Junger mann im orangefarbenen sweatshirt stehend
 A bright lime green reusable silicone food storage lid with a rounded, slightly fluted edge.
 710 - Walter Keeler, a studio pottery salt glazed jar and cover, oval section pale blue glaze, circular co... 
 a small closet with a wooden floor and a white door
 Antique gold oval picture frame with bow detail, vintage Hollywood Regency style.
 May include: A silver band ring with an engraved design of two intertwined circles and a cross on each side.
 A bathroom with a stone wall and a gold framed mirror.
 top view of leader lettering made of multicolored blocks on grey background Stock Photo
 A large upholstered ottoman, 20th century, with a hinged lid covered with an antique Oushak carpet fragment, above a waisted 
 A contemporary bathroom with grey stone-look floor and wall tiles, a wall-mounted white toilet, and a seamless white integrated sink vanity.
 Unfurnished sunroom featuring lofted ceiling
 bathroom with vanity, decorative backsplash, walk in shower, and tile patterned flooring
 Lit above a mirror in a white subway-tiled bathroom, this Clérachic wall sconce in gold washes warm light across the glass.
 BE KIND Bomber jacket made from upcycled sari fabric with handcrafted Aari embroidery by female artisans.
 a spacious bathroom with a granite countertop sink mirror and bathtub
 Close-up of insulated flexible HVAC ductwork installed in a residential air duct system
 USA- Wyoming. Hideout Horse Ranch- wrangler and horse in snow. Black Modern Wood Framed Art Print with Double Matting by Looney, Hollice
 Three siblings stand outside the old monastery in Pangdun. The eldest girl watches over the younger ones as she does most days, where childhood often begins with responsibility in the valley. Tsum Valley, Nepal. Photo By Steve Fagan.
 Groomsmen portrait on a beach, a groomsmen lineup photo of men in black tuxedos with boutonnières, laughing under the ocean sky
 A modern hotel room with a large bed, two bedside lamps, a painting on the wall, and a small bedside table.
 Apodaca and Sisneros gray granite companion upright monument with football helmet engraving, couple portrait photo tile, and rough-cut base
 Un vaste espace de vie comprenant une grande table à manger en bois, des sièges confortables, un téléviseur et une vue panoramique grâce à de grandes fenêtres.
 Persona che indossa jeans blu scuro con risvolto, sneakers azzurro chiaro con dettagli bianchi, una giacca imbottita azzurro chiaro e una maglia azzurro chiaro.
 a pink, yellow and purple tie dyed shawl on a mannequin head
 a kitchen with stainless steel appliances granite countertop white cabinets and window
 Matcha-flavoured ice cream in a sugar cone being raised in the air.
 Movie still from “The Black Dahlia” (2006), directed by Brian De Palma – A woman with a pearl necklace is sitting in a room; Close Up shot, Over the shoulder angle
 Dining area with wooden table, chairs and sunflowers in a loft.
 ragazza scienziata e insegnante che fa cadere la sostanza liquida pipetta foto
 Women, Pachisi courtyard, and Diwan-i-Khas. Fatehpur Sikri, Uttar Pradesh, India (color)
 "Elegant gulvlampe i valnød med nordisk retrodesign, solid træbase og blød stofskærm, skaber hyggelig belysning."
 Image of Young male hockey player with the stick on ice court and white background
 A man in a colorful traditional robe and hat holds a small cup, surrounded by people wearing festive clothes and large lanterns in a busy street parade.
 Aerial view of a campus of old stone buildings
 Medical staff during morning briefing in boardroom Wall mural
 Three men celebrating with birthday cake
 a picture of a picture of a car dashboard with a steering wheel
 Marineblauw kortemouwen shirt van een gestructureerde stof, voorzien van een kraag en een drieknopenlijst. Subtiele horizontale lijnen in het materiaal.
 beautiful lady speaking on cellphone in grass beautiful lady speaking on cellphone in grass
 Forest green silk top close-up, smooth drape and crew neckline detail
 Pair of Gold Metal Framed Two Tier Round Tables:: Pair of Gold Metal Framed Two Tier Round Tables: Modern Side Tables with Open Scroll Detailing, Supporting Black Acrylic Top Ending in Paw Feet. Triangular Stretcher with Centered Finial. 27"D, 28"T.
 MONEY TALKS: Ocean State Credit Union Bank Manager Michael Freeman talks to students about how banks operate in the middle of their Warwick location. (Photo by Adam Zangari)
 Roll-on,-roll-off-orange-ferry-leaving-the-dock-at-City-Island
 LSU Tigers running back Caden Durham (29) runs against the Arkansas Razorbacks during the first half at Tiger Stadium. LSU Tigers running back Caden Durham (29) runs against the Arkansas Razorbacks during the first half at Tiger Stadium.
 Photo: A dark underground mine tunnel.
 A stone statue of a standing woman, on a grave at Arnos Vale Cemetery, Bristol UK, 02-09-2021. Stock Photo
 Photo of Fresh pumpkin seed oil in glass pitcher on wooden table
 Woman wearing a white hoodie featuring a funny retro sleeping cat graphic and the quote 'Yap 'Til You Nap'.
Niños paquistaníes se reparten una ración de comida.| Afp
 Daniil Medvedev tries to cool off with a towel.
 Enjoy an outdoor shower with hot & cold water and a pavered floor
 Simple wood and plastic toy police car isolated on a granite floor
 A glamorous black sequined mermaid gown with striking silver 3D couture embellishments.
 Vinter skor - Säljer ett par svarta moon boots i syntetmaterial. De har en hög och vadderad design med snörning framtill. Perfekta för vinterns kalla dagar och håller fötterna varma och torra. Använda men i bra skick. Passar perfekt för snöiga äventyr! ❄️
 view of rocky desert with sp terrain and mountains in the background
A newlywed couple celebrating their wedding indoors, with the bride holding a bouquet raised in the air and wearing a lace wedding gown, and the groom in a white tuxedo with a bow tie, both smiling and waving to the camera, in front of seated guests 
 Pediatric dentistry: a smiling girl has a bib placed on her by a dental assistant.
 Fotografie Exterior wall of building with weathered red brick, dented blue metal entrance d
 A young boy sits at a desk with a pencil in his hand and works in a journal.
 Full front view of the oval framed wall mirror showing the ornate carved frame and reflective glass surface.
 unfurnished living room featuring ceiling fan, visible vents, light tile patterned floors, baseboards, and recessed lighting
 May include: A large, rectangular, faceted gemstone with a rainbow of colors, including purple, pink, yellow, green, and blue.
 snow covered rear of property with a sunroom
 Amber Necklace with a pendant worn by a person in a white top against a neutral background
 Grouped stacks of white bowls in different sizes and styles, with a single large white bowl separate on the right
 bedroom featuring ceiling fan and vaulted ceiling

TO DO:
Set down each line exactly as it appears, starting at the top of the data and ending at the line containing "Lit above a", and include no other lines.

SOLUTION TO THE EXERCISE:
Junger mann im orangefarbenen sweatshirt stehend
 A bright lime green reusable silicone food storage lid with a rounded, slightly fluted edge.
 710 - Walter Keeler, a studio pottery salt glazed jar and cover, oval section pale blue glaze, circular co... 
 a small closet with a wooden floor and a white door
 Antique gold oval picture frame with bow detail, vintage Hollywood Regency style.
 May include: A silver band ring with an engraved design of two intertwined circles and a cross on each side.
 A bathroom with a stone wall and a gold framed mirror.
 top view of leader lettering made of multicolored blocks on grey background Stock Photo
 A large upholstered ottoman, 20th century, with a hinged lid covered with an antique Oushak carpet fragment, above a waisted 
 A contemporary bathroom with grey stone-look floor and wall tiles, a wall-mounted white toilet, and a seamless white integrated sink vanity.
 Unfurnished sunroom featuring lofted ceiling
 bathroom with vanity, decorative backsplash, walk in shower, and tile patterned flooring
 Lit above a mirror in a white subway-tiled bathroom, this Clérachic wall sconce in gold washes warm light across the glass.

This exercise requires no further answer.